As if emerging from the giant’s body, two men came forward from behind him to stand at the foot of Matthew’s bed. Matthew instantly recognized the pair of scoundrels who’d lighted the fuses in the house of the so-called Mallorys. One of them carried a rolled-up item with wooden rods protruding from it. A stretcher, Matthew realized.
“We have come to carry you in comfort to your appointed destination,” said Sirki. “Unless you had rather witness another example of our new gunpowder?”
“With me unable to walk, my name written on a wall will make no sense.”
“Ah!” Sirki aimed a long forefinger toward the ceiling. “But did it ever make sense, young sir? I believe by now that your compatriots in this town—even your closest friends, perhaps—have begun to doubt your word and your sanity. It may make sense to no one, yet either a stable or a boarding house will burn to the ground this night…if you refuse this hospitable invitation.” Whether he’d intended the near-pun or not was unknown, since his face remained expressionless. But the dark eyes beneath the thick, arched black brows were intense and watchful, and they were aimed upon Matthew like musket barrels.
Matthew may have shivered. He wasn’t sure, but it was cold in here and the blanket was thin. “How did you get in?”
One of the men, the very same who’d thrown his lantern at Matthew’s head, gave a little chuckle. Prideful, Matthew thought. “Lockpicking is Croydon’s claim to art,” Sirki said. “A low claim, but there it is anyway. As for the two unfortunates who spend the night here watching over their charges, the fat woman and the thin man are both sleeping soundly.”
“You’ve killed them?”
“Not at all! Unless a gift of tea from India could be considered deathly. I had occasion to speak to Dr. Polliver this afternoon. I offered up this gift as a token of friendship. Also the tea has healing powers I thought he might care to try. Possibly he’s sleeping very soundly in his bed at home.”
Drugged tea, Matthew thought. Of course. Fell’s people relied on drugs to move their mountains.

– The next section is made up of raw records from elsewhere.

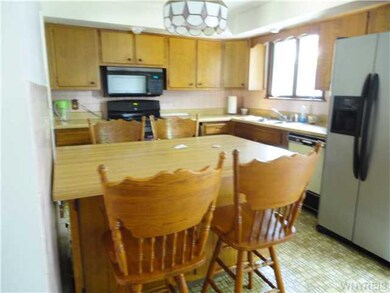 Kitchen Dining Kitchen island seats four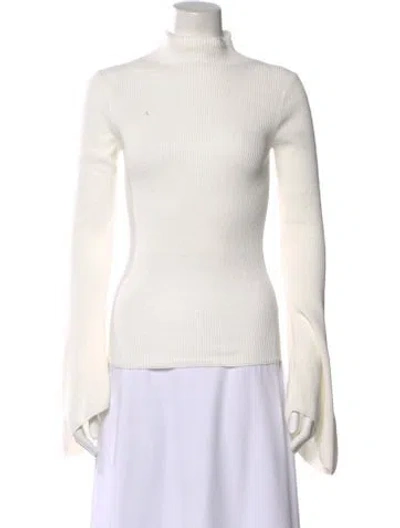 Pre-owned L'academie Turtleneck Sweater In White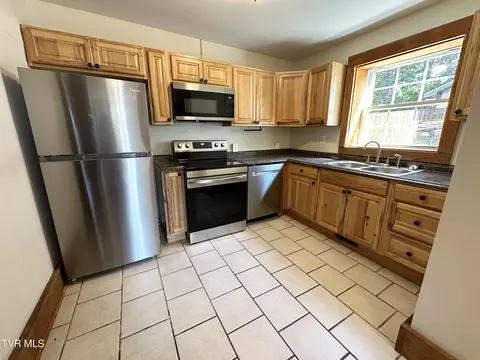 Kitchen - 133 E Highland Road Johnson City Tn 37601, Johnson City, TN 37601 photo 1 of 1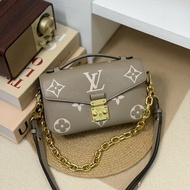 🏷LV 路易威登．Pochette Métis East West 郵差包 斑鳩灰 M23081 芯片款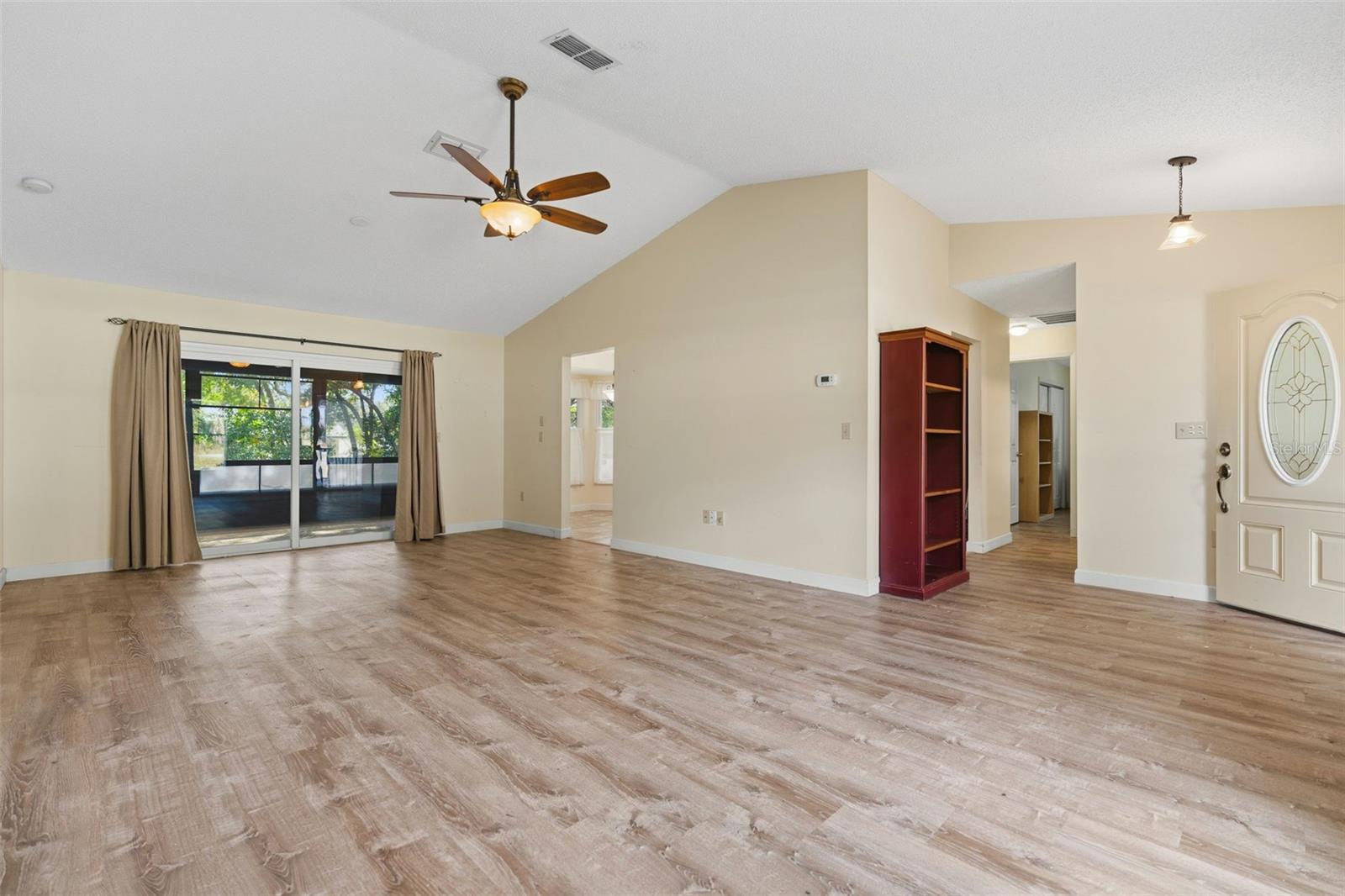 RAINBOW LAKES ESTATE - Residential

“The professor,” said Sirki, “wants you. He needs you, really. Because you seem to…um…get results, shall we say. And you’ve impressed him, Matthew. So now I shall tell you that it is time for your choice. One of three. Yourself, the stable or the boarding house. And yourself shall be returned here after this business is completed, whereas the others…sadly beyond the point of return. We have the key to your house, taken from Dr. Polliver’s safebox. Croydon will go to your miniature abode and remove whatever clothing you might need. You will be taken to a waiting boat, to be rowed out to meet the larger vessel. All we require you to do at the moment is roll onto this stretcher.”